1781 opera seria by Giuseppe Sarti

Giulio Sabino ("Julius Sabinus") is a dramma per musica (opera seria) in three acts by Giuseppe Sarti. The libretto was by Pietro Giovannini.

The opera, staged in six or seven European countries at the end of the 18th century, was the subject of a parody in Antonio Salieri's 1786 work Prima la musica e poi le parole.

==Performance history==

It was first performed at the Teatro San Benedetto in Venice on 3 January 1781. The opera was revived at the Teatro Comunale Alighieri in Ravenna in 1999 (see recording section below).

==Roles==

Roles, voice types, premiere cast
| Role | Voice type | Premiere cast, 3 January 1781 Conductor: Unknown |
|---|---|---|
| Annio | tenor | Giuseppe Desirò |
| Arminio | alto castrato | Pietro Gherardi |
| Epponina, Sabino's wife | soprano | Anna Pozzi |
| Sabino | soprano castrato | Gaspare Pacchierotti |
| Tito | tenor | Giacomo Panati |
| Voadice | soprano | Felice Zannotti |

==Synopsis==

The opera is about the triumph of conjugal love.
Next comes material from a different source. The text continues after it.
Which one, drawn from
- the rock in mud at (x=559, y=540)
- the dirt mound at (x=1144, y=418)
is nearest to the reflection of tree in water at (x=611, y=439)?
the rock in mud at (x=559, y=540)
It is set in 1st-century Gaul in the time of the Emperor Vespasian.

==Recording==

There is a recording made in Ravenna in 1999 by the Accademia Bizantina under Ottavio Dantone with Alessandra Palomba (Arminio), Sonia Prina (Giulio Sabino), Donatella Lombardi (Voadice), Elena Monti (Epponina), Giuseppe Filianoti (Tito), Kremena Dilcheva (Annio) (Bongiovanni CD 1173251).